The Cordish Companies, owner and operator of Live! casinos in Pennsylvania and in the company’s home state of Maryland, is suing Norfolk, Va., over the city’s plans to develop a gaming resort.
In court documents filed in the Circuit Court for the City of Richmond, Cordish says it entered into an agreement in 2013 with the City of Norfolk to redevelop its failed Waterside District entertainment, nightlife, and dining complex.
Cordish argues that during the city’s tenure operating the marketplace, Waterside was losing as much as $3.3 million annually. By 2013, the Waterside facility was more than 90 percent vacant.
Cordish, through its LLC Norfolk District Associations (ND), contends that it signed on to revitalize the Waterfront, but with one major caveat — if Virginia legalized gambling, it would have first dibs on building a casino in the city.

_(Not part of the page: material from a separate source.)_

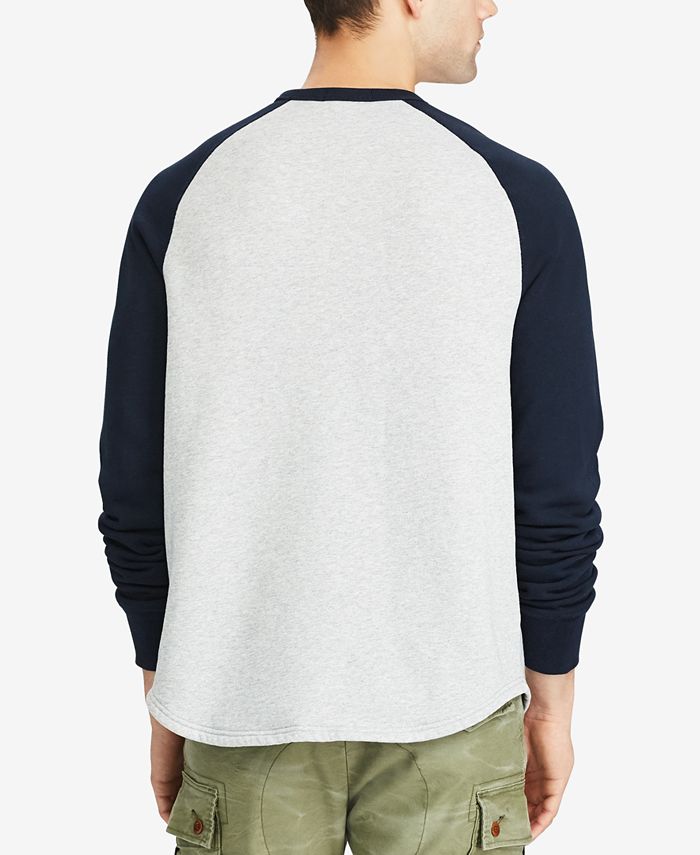 Polo Ralph Lauren Men's Fleece Baseball Shirt - Macy's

That happened last year when the state passed, and Gov. Ralph Northam (D) signed, legislation allowing five economically challenged cities to allow voters to decide on whether to authorize a single casino resort. Norfolk met the qualifying criteria to hold a local ballot referendum on the issue, and it easily passed last November.
Cordish Seeking $100M
Norfolk shocked much of the gaming world when it decided to partner with the Pamunkey Indian Tribe on its casino project. The small Native American tribe has no experience building or operating any sort of casino, but does have the backing of billionaire Jon Yarbrough.

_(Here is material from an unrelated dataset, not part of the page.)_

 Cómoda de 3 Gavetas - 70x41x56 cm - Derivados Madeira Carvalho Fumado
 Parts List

Yarbrough made his fortune in the Native American casino industry. He sold his company, Video Gaming Technologies, a manufacturer of Class II gaming machines, to Aristocrat Leisure in 2014 for $1.3 billion.
Yarbrough and the Pamunkey tribe are moving forward with a $500 million casino project located adjacent to the city’s Harbor Park baseball stadium. The resort site is just a short walk from the Waterfront District.
Cordish says it would have never agreed to redevelop Waterfront without the gaming clause. And with Norfolk going with Pamunkey, and allegedly violating its lease agreement, the company is seeking damages.
ND and its redevelopment contract were crystal clear: without the City’s commitment to make Cordish its exclusive developer for casino gaming, ND would not undertake the herculean task and significant economic risks of redeveloping The Waterside,” the complaint reads.
“As a result, ND has suffered significant damages, including lost opportunities and lost profits, and brings this Complaint to obtain justice from the Court and to publicly bring truth to light,” the lawsuit concludes.
Norfolk City Attorney Bernard Pishko rejected Cordish’s claims in a statement to 10 on Your Side in Norfolk.
“There complaint is not based in fact and is so defamatory that they asked that if I accepted their offer to receive a copy in advance in order to discuss settlement that I would have to agree to not sue them for defamation,” Pishko said.
“A filed lawsuit is generally exempted from defamation laws but a pre-filed complaint is not. Their central allegation that the Waterside lease provides for Cordish to be the exclusive gambling operator is fiction,” he added.